Jeanne Koré Salvato

o and behold, we recently celebrated Africa Day on 25 May.  An Irish friend reacted to my surprise that there was an Africa Day in Dublin.  She was surprised I was surprised and sent me this lovely map. So, I decided to hunt around and find celebrations of Africa in the States, where it actually does take place in some cities, such as Houston and NYC.

Line drawing of George Floyd

It turns out that the anniversary of George Floyd’s death is the same day as Africa Day, the 25th of May.  A policemen had a knee on George Floyd’s neck for 8 minutes and 46 seconds, resulting in his death. For me that’s the association with Africa, not only Floyd’s death and others, but the slave trade, the deprived homeland of so many millions, followed by their enslavement.  In honor of the former slave interviewed by Zora Neale Hurston, named Cudjo Lewis, I have used his term, Afficky, for Africa.  I have talked about Hurston’s book Barracoon elsewhere, but it is impossible to celebrate Africa Day without including Hurston’s perspective: “The African slave trade is the most dramatic chapter in the story of human existence,” she writes.

But while that is very real, too real, in fact, the joy of Africa day is also part of the heritage of Africa. 

Let’s come back in a minute to the issue of slavery.  Now, I’d like to introduce a woman who has created a business called Africa on Your Back.  She uses beautiful African patterned material, gives scholarships, and focuses on inspiring boys to succeed, since she has two sons.  Joy!
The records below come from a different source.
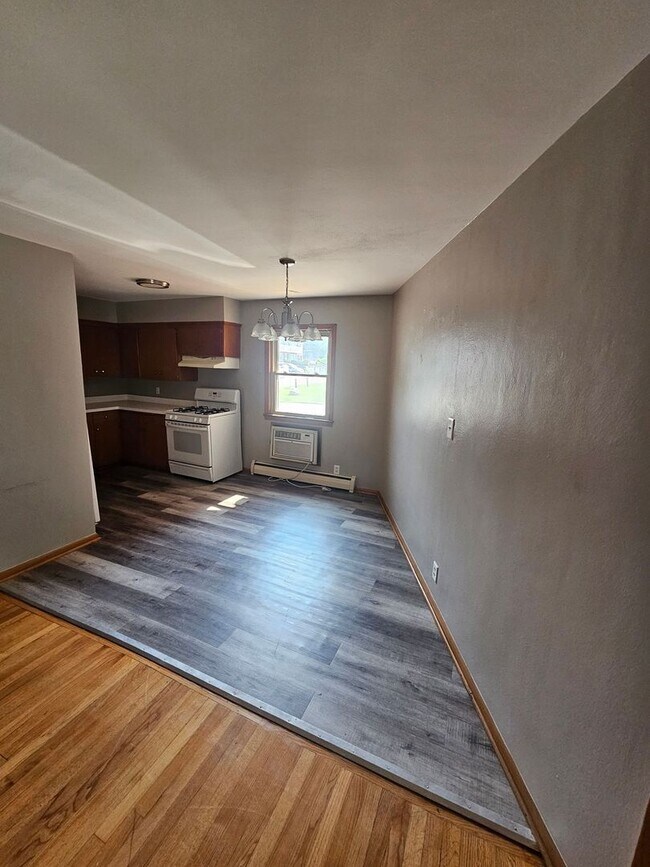 Foto del edificio - 3202 N 76th St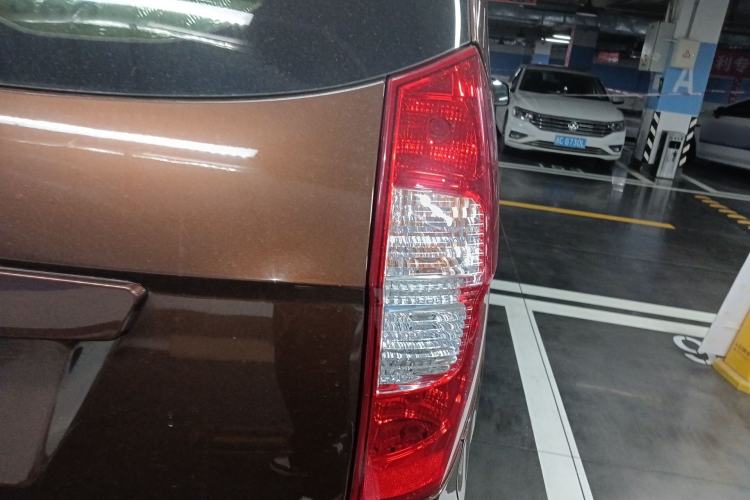 Used Wuling Hongguang 2014 1.5L S Standard Version Right Rear Taillight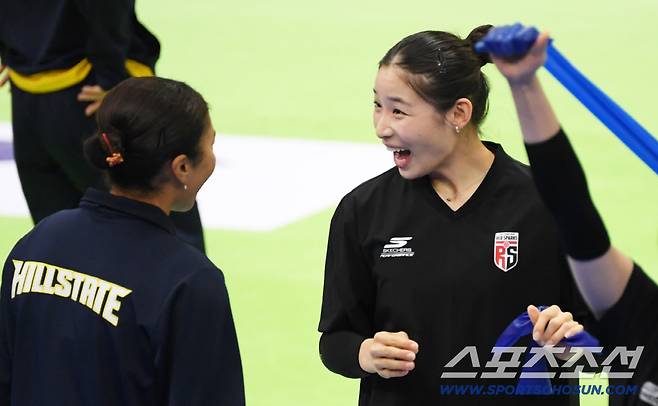 25일 수원체육관에서 열린 V리그 현대건설과 정관장의 경기 전 정관장 인쿠시가 현대건설 자스티스와 인사를 나누며 미소 짓고 있다. 수원=박재만 기자 pjm@sportschosun.com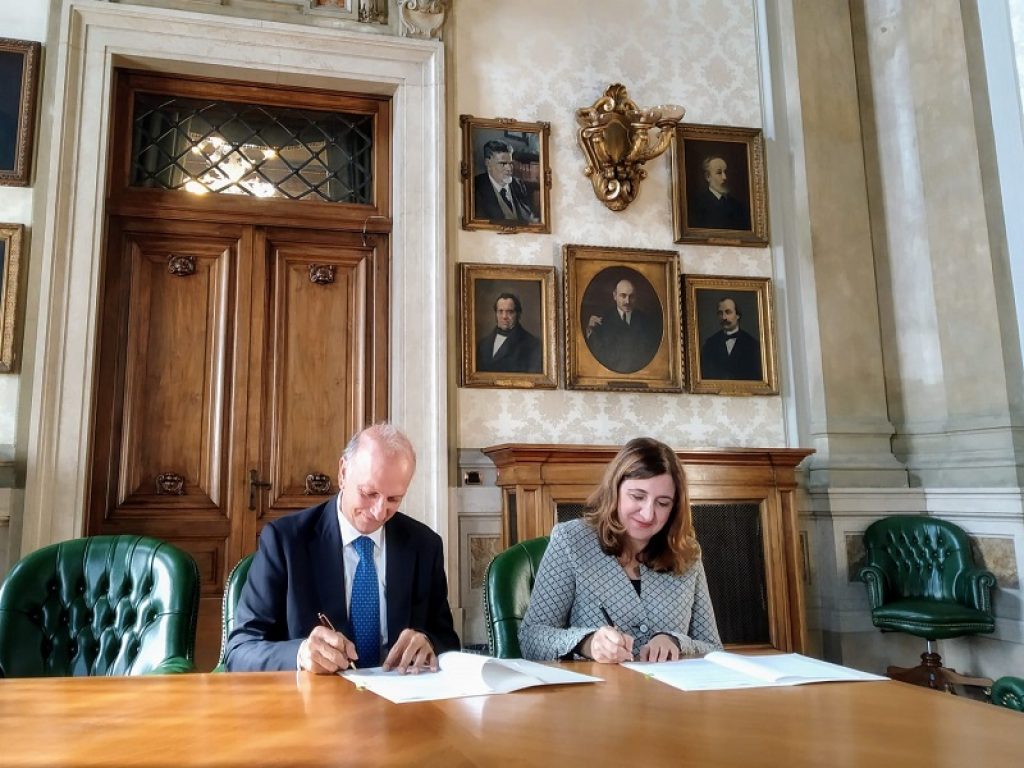 Miur e Autorità garante per l’infanzia e l’adolescenza firmano un Protocollo d’intesa che punta a promuovere la diffusione della cultura della legalità e l’educazione a un uso consapevole del digitale e dei social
And I’d like to introduce another woman, Jessica B. Harris, affectionately known as Dr. J, who has written a book called, High on the Hog:  A Culinary Journey from Africa to America.  And it is being made into a four-part series of the same name on Netflix.  Apparently the first episode takes place in Benin (West Africa).  It’s been said she wanted to ground the diaspora in a culinary story.

And finally, I’d like to present the trickster, Anansi, the spider, also from West Africa, who loves to trouble the waters where there is any smooth sailing.  Famously, he is able to outwit more powerful creatures, expressing the qualities of the cunning, creative rebel.  The stories of Anansi originated in West Africa and were then transported via the slave trade, first to the Caribbean, and then more widely.  I have taught these Anansi stories to students who take great pleasure in cutting out his many spider legs and giving him some trouble to cause and more powerful figures to outsmart. Here’s a book called Anansi the Spider by Gerald McDermott.

Here’s a story about a melon.

Slavery and the Aftermath. 

Another series on Netflix is The Underground Railroad, featuring stories of slaves running to freedom and the cruelty they face before they even leave home, not to mention on their journey.  The series is beautifully acted, but not for the faint of heart.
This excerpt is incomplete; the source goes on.